– Да, слышала, – ответила я.
– И ты знаешь имена погибших людей? Названия кораблей?
– Некоторые. Был фрегат в тысяча восемьсот девяносто девятом году у берегов Гонконга. Крейсер в тысяча девятьсот двадцать четвертом. Паром в тысяча девятьсот пятьдесят седьмом, хотя здесь нет точных данных – кто-то открыл ворота погрузочного отсека, и живые пошли на дно вместе с мертвыми. Нечто подобное произошло в тысяча девятьсот семьдесят первом году – двадцать три трупа. Власти заявили, что они стали жертвами нападения пиратов. Яхта у побережья Шотландии в тысяча девятьсот восемьдесят третьем. Двое погибших на борту. Незначительное число, по его меркам, но это был все же он. Нам всем известны эти слухи.
Он кивнул, не глядя на меня.
– «Санта-Роза», – прошептал он. – Октябрь тысяча девятьсот девяносто девятого года.
– Ты там был? – спросила я.
– Да. И убил человека. Не помню, как сделал это, но, когда открыл глаза, мои руки были в крови, а рядом находился человек с перерезанным горлом. Он казался еще живым и даже заговорил, но вместо слов появились только кровавые пузыри. А потом он умер. Я держал в руке нож. Передо мной стояла женщина и наблюдала, как я воспринимаю его смерть. Потом она вынула нож из моих пальцев – обычный кухонный нож с камбуза, – положила ладонь мне на плечо эдак по-матерински, а затем вонзила лезвие мне в бок, провернула его с улыбкой, но не вымолвила ни слова. Меня сначала тоже записали в мертвецы, но патологоанатом вдруг обнаружил, что у меня есть пульс. И тогда из меня сделали убийцу. Хотя отчасти я им и был.
– Галилео?
Он кивнул, хотя опять-таки не мне и словно не в ответ на мой вопрос.

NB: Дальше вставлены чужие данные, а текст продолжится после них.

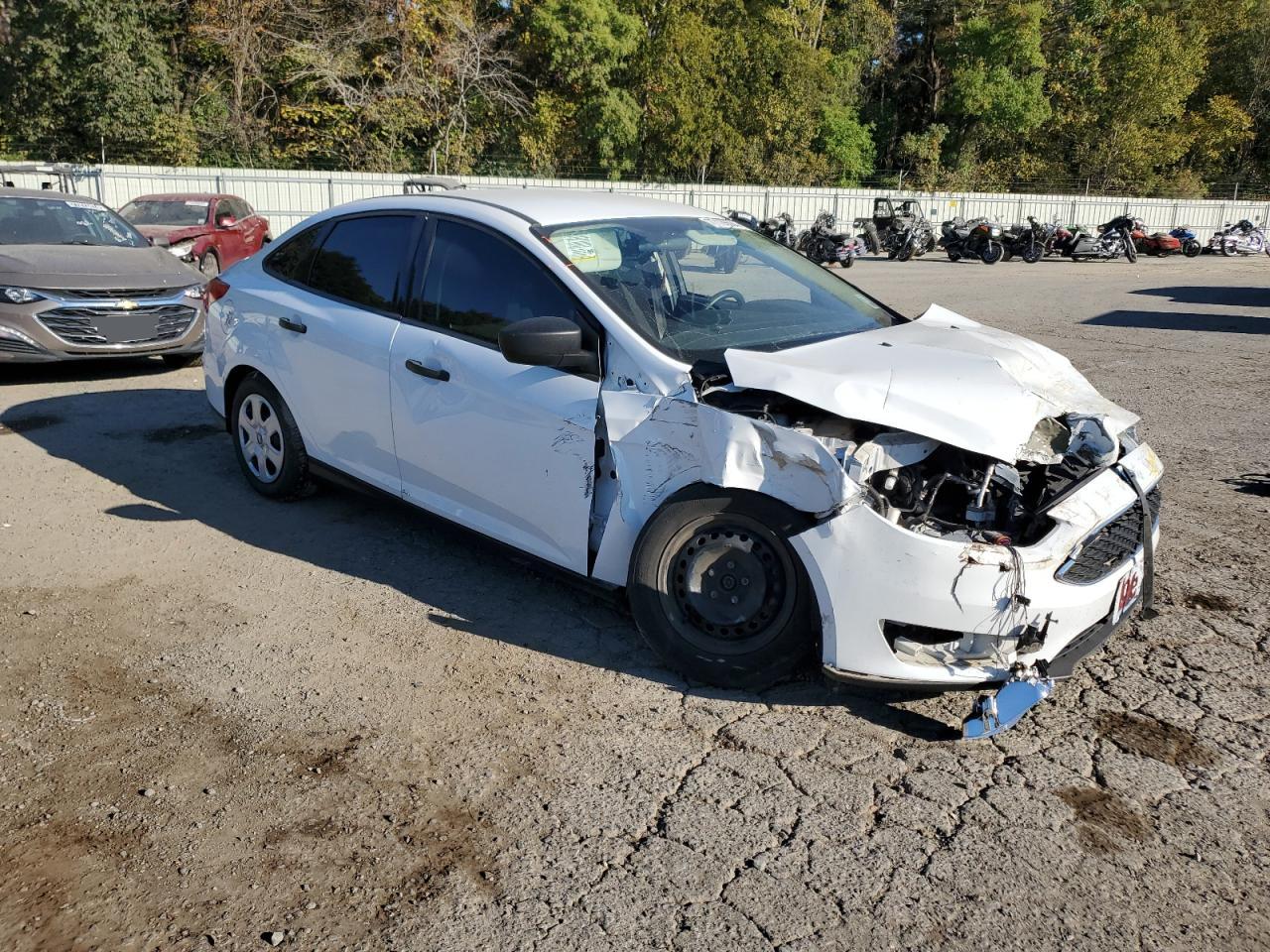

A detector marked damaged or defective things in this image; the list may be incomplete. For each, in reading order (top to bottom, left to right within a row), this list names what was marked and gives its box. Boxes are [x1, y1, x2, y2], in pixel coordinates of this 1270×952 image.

damaged headlight housing [0, 287, 46, 305]
crumpled hood [0, 243, 198, 289]
crumpled hood [726, 302, 1143, 464]
damaged white car [200, 191, 1163, 736]
cracked concrete [0, 251, 1264, 949]
bent metal piece [959, 664, 1051, 741]
detached bumper piece [964, 664, 1056, 741] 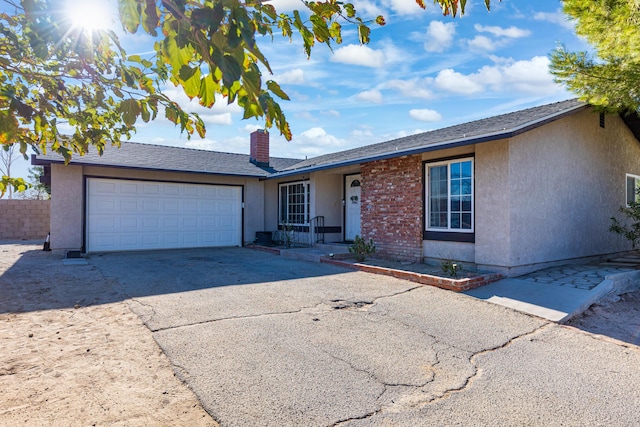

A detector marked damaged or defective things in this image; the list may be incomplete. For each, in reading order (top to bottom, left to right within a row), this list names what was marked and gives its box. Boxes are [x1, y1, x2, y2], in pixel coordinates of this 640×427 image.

cracked concrete driveway [90, 249, 640, 426]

– Тебе следовало рассказать мне обо всем раньше, – прошептала я. – Я могу тебе помочь.
– Помочь? – Он почти рассмеялся мне в лицо. – Ты же призрак, гореть тебе в аду! Какой от тебя кому-то может быть прок?
– Поверь, может. Я ведь встречалась с твоим Галилео.
Вот теперь он посмотрел прямо на меня, ударив взглядом, как ледорубом по скале.
– Где?
– В Санкт-Петербурге, в Мадриде, в Эдинбурге, в Майами. В последний раз я видела его в Майами.
– Ты уверена?
– Вполне.
– Откуда ты можешь знать?
– Вопреки распространенному суеверию, не всякий призрак, с которым мы сталкиваемся, склонен к приступам убийственной психопатии, – ответила я. – Зато и забыть такое невозможно.
– Расскажи мне все!
– Зачем? – спросила я и заметила, как он почти вздрогнул. – Ты же полон решимости убить меня. Ты уже убил Жозефину. На первый взгляд эта встреча выглядит вполне дружеской, хотя на нее оказывают безусловное влияние как наручники, так и нынешнее состояние моих гормонов, но мне сложно забыть, насколько бурно складываются наши с тобой отношения. Вы готовы уничтожить меня, мистер Койл, потому что некий призрак едва не убил вас. Пусть я даже совсем не тот призрак. Ты убьешь меня просто за то, кто я есть. Так с какой стати мне помогать тебе найти Галилео?
Он поджал губы, отвернулся, но почти сразу опять посмотрел на меня.
– Потому что, если ты мне не поможешь, зная о нем хотя бы что-то, это лишь докажет – ты то чудовище, которым я тебя и считал.
– Ты и продолжаешь меня им считать. Дай мне нечто большее. Расскажи, почему ты убил Жозефину.
– По приказу.
– Почему ты подчинился приказу?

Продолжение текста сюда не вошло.